# Cloud-native Geospatial

The cloud and geospatial data analysis go together very well.

In [None]:
import adlfs
import planetary_computer
import ipyleaflet
import requests
import shapely.geometry
from IPython.display import IFrame

## Cloud-native Principals

The Planetary Computer implements many cloud-native concepts. Here, we'll just list some of them. Later on, we'll apply them.

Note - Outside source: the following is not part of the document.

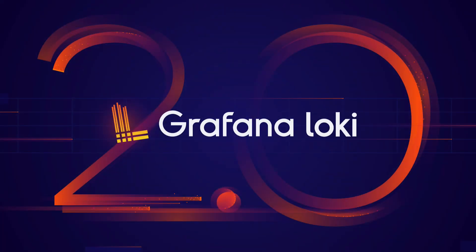For more details on the Loki version 2 release, check the release notes and the Grafana Labs blog. Links in the comments. Thank you for watching. See you next time.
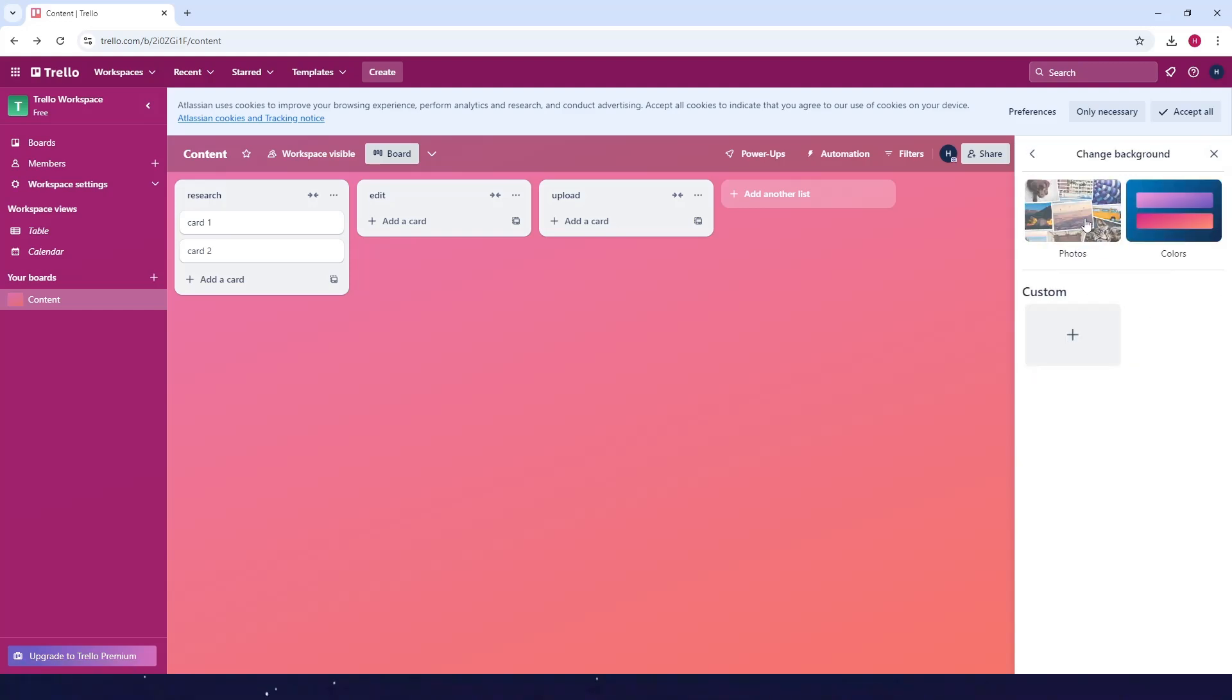You can either choose photos from Trello or the colors, or you can also upload your own photos to be your background.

1. You have *direct* access to *all* of the data
    - You have access to PBs of data
    - Data assets are hosted in the highly scalable Azure Blob Storage
    - You have direct access to the files, using plain HTTPs or Azure Blob Storage APIs. This means you can open the files using any tool that can speak HTTP
2. Cloud-native formats
    - Wherever possible, we use cloud-native / friendly file formats. We'll see examples using COG, Zarr, (geo)parquet, and COPC
    - Efficient access to metadata (don't need to read the whole file to understand its contents)
    - Efficient access to subsets of the data
3. Compute is next to the data
    - All of our files are in the West Europe Azure data region. For best performance, compute should be in that same data center.
4. Ability to scale
    - Azure makes it easy to get lots of compute


### Compute → Data

Putting the compute next to the data can be crucial for performance. Let's consider the simple task of reading the metadata from a COG file with `gdalinfo`.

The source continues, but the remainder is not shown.